- Spring mood!
- Winter mood!
This is a scene I have painted many times. It is near where I live and to me, represents our area to the dot. Rolling hills, pastures and a barn setting. Since I started more oil painting again I thought I’d give it a shot in that medium. The watercolor was painted two years ago.
The oil is from a slightly different vantage point and it is also a different time of the year. The watercolor was painted in mid winter, when it is ‘greenest’ around here. That’s right, in California, it gets green in the winter because most of our rainfall happens then!
The oil was just recently painted in the spring. The green on the hills has already changed, turning a red-ish brown. That happens pretty much as soon as the rains stop. This is, however, my favorite time to paint them. In the winter, it is sort of a carpet of intense green (think New Zealand) and is quite difficult to do in a painting. The painting can become overloaded with sameness. To me the watercolor was harder to do for that reason.

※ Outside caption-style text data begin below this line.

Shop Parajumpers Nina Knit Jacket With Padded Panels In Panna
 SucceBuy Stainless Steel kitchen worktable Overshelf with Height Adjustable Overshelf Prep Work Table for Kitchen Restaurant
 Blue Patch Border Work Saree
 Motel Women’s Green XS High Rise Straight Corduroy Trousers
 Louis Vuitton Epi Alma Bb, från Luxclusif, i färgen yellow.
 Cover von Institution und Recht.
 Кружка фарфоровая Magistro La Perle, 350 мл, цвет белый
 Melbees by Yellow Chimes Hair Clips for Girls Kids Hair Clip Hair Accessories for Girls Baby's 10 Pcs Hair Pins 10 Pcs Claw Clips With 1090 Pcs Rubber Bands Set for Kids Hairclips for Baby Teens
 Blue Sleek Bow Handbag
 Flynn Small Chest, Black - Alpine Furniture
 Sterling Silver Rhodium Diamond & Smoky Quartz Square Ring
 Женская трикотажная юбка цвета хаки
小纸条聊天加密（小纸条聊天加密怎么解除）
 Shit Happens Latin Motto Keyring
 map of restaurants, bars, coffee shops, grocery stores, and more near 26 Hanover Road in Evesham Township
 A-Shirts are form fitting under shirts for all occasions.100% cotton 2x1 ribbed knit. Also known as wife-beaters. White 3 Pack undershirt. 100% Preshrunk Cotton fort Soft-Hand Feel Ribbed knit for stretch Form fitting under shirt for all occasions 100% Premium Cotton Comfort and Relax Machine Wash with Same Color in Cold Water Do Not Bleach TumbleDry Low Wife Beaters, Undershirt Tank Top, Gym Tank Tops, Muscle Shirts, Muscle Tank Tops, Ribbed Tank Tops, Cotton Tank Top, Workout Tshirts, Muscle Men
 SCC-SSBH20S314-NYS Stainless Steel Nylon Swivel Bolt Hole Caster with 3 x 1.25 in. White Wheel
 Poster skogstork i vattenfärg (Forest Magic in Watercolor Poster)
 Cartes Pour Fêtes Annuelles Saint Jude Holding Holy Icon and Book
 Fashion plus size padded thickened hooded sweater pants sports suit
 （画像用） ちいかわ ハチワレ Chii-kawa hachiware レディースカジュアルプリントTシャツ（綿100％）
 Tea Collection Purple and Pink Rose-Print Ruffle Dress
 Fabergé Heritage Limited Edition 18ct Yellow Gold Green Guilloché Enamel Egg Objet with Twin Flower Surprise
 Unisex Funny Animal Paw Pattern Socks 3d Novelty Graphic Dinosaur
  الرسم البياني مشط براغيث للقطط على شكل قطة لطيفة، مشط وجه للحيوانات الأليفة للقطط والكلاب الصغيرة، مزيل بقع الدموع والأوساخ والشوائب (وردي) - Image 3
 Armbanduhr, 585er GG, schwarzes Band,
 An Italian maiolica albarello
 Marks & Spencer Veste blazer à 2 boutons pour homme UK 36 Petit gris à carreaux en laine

Both mediums convey their own mood and feel. This will be one of those places that I’ll paint
over and over. Different times of the day and in different seasons.
Painting plein air, I believe the goal should be to capture something of the scene and not ‘make up’ something different. It is true that sometimes we have to change things around a bit, because mother nature just put too much information there. However, to me there is no point in painting plein air if I don’t really paint what’s there. In this case, it was the study of the hills and sky that make the painting. The interaction of it all. How it’s all one! If I change everything, why go out at all? I can take a picture and do all that in the studio.
To get the color and value right it is essential to observe right. The hills have colors of the sky in it and if the clouds are low enough, they will have some of the hill color in it! Notice how the greens change. The shadows, the sunlit parts, the foreground field. All different! I am so blown away by little things like that! It really excites me, such a miracle…well, not really but I find it endlessly fascinating! I can almost feel the scene…
To say it in the simplest most straight forward way: to paint well, all you have to do is observe right, mix the right color with the right value and put it in the right place. Done!